8/10
Transcends time and culture; a great love story.
6 March 2009
Elia Kazan's wonderful and tearful story about two young lovers fighting their own urges and everyone around them is certainly a film that is hard to watch at times. The simple reason for that is the writing is so spot-on and the direction flawless it becomes more than a movie in the traditional sense but more of a inner look into the intertwining of a relationship on the ends of its life. This can only be accomplished with two wonderful actors capable of carrying the material farther than it could be on paper alone. Natalie Wood was one of the finest young actresses of her generation and this showcases her talent better than perhaps any other film she did. She conveys such incredibly strong feelings of remorse, desperation and sadness as the fragile Deanie, it takes the audience into the world of this character and we can feel nothing but sympathy for her. The same is true with Bud, played here by a very young Warren Beatty.

Perhaps the one true problem I saw with this film is that the story doesn't go far enough. I understand they were already under fire from the censors for their portrayal of young people trying to repress sexual urges, but I'm sure Kazan could have come up with a way to show not just how Bud and Deanie felt about each other but to better examine the relationship with their respective parents. There are several scenes I thought and hoped would go even further in-depth to the problems being faced here, but instead it pulls back and we are left to wonder. If there is one thing that saves the movie it is the final sequence, showing what happens to the two lovers and what this means for them now. This is absolutely touching and beautiful and a great ending to an other wise uncomfortable story.

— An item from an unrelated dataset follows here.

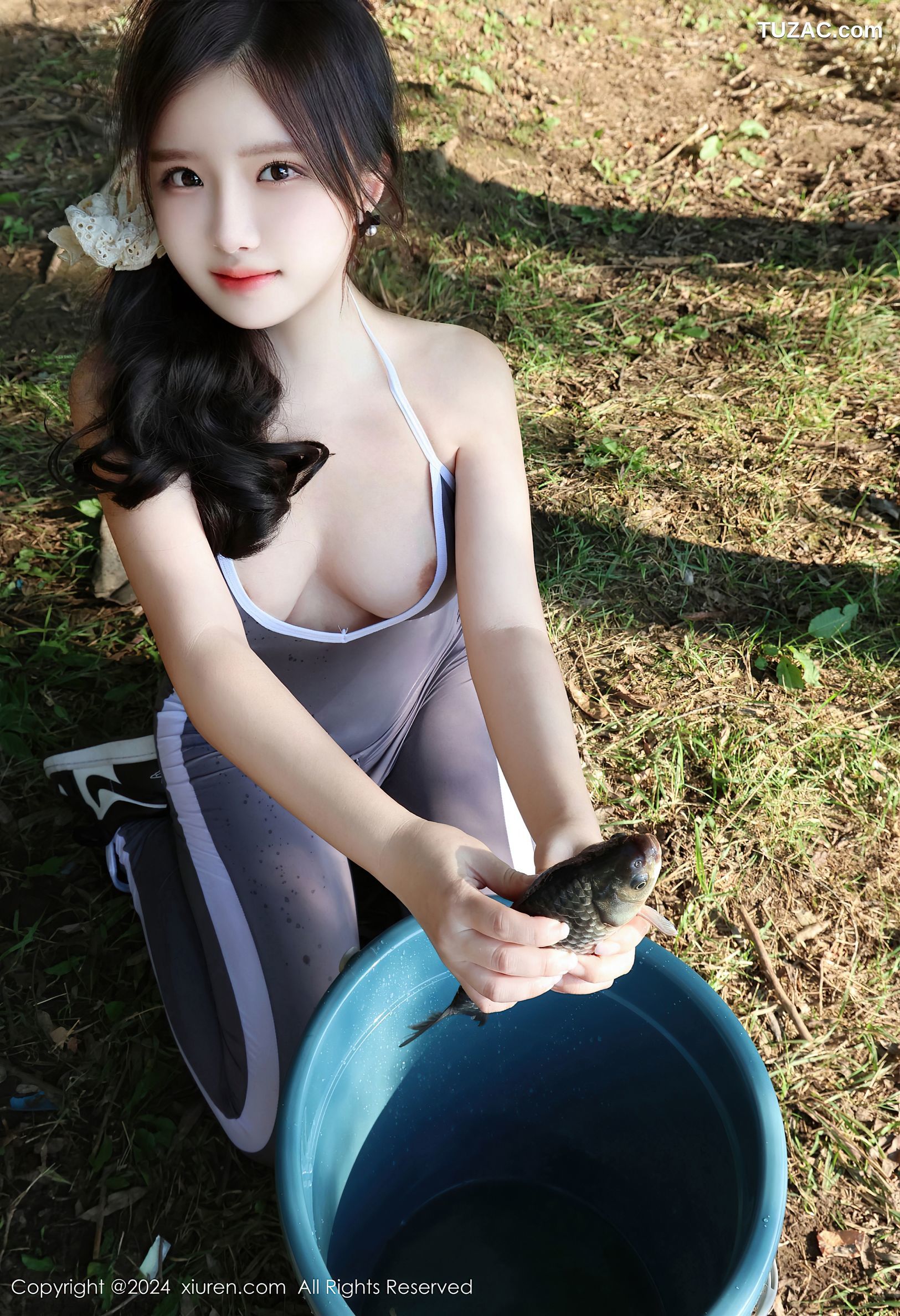 XiuRen秀人网-9311-小薯条nienie-户外钓鱼主题灰蓝紧身运动服-2024.10.18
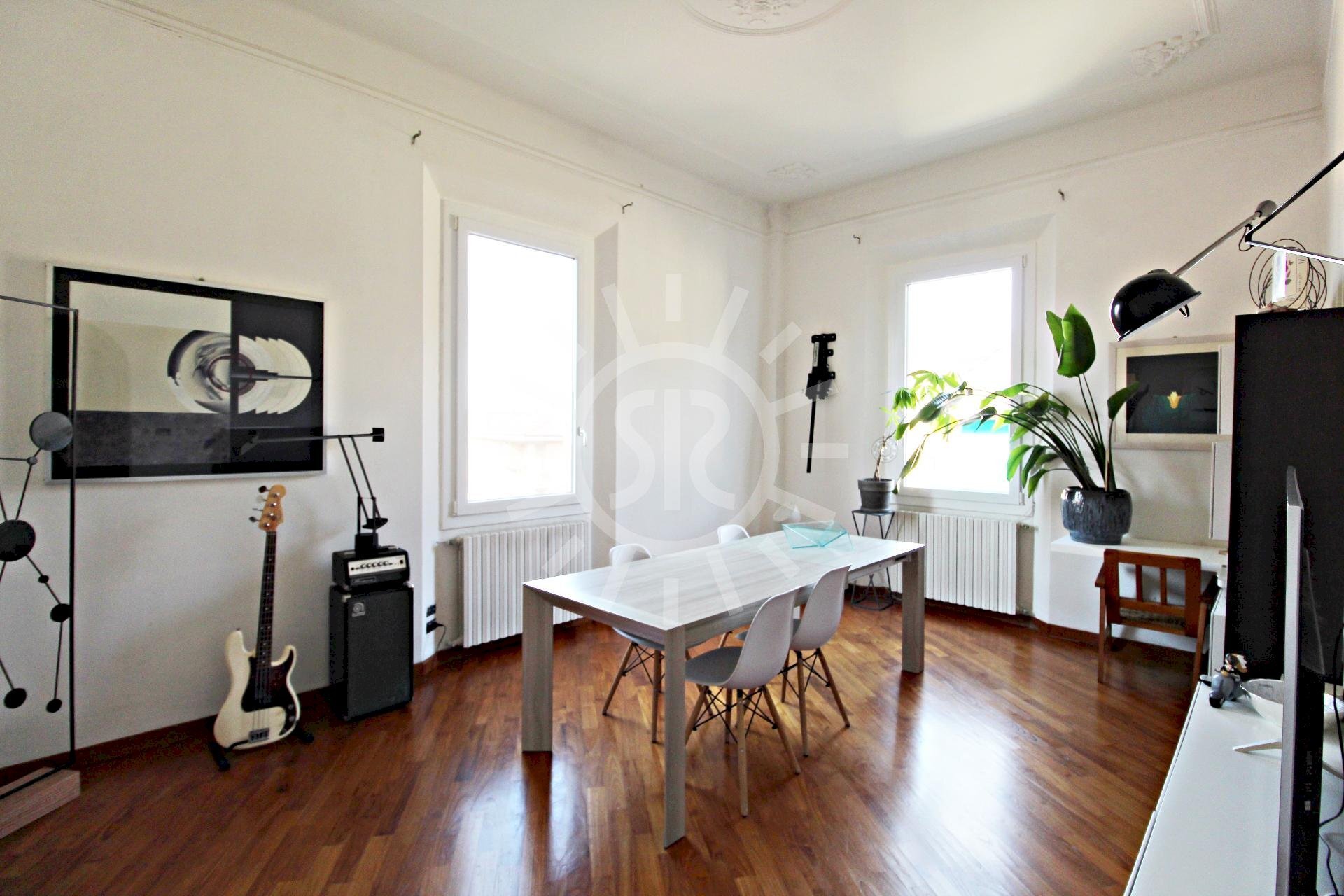 Three-room apartment Bologna (neighborhood Saragozza) - photo 1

Still, to think of the film in retrospect is to take it seriously and understand that this is not just a story about two people in love at a time when everybody was telling them to not be. It is in fact, a symbol of the restraints that pull on any of us that have ever been involved seriously with somebody. It speaks to us not just as lovers but also as human beings desiring companionship and the great pains we will go through to make that happen.